Description of the task:
The answer is a stretch of the material below, returned exactly: the line containing "孕期脸长斑是激素还是营养问题？-第1张图片-中州医学会", the line containing "Daily Reminder™ - Holy", and all lines between.

Data provided:

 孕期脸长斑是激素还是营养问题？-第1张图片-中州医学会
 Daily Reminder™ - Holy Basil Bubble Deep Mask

==

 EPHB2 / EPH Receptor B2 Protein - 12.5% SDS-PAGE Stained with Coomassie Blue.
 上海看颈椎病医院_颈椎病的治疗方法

...

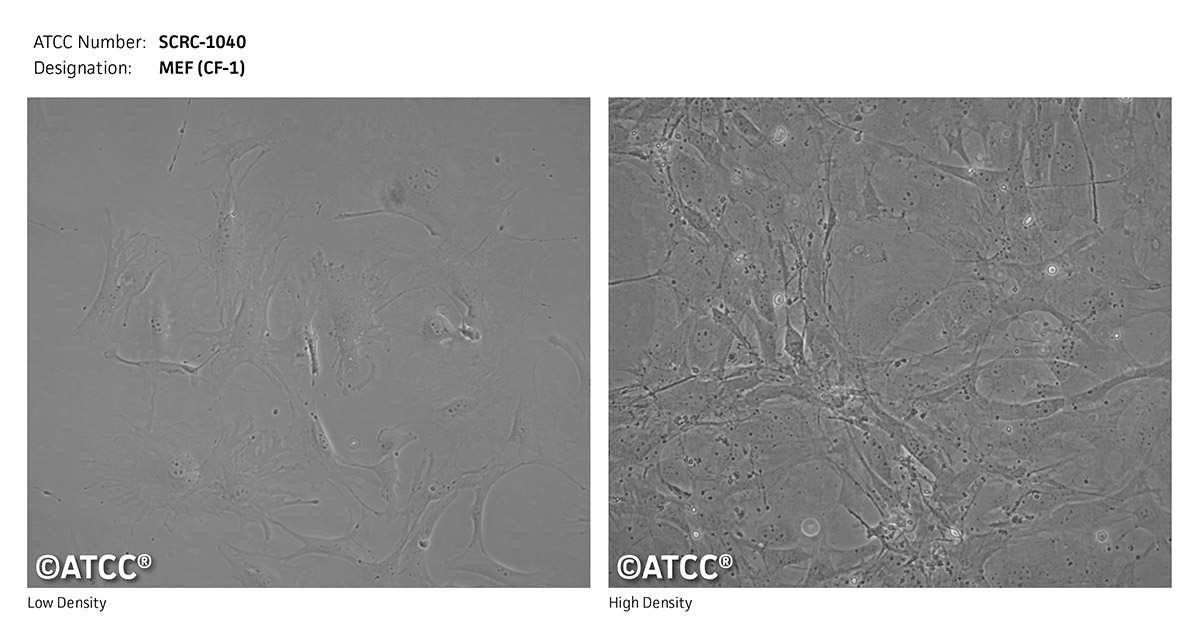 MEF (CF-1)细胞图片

Answer to this problem:
 孕期脸长斑是激素还是营养问题？-第1张图片-中州医学会
 Daily Reminder™ - Holy Basil Bubble Deep Mask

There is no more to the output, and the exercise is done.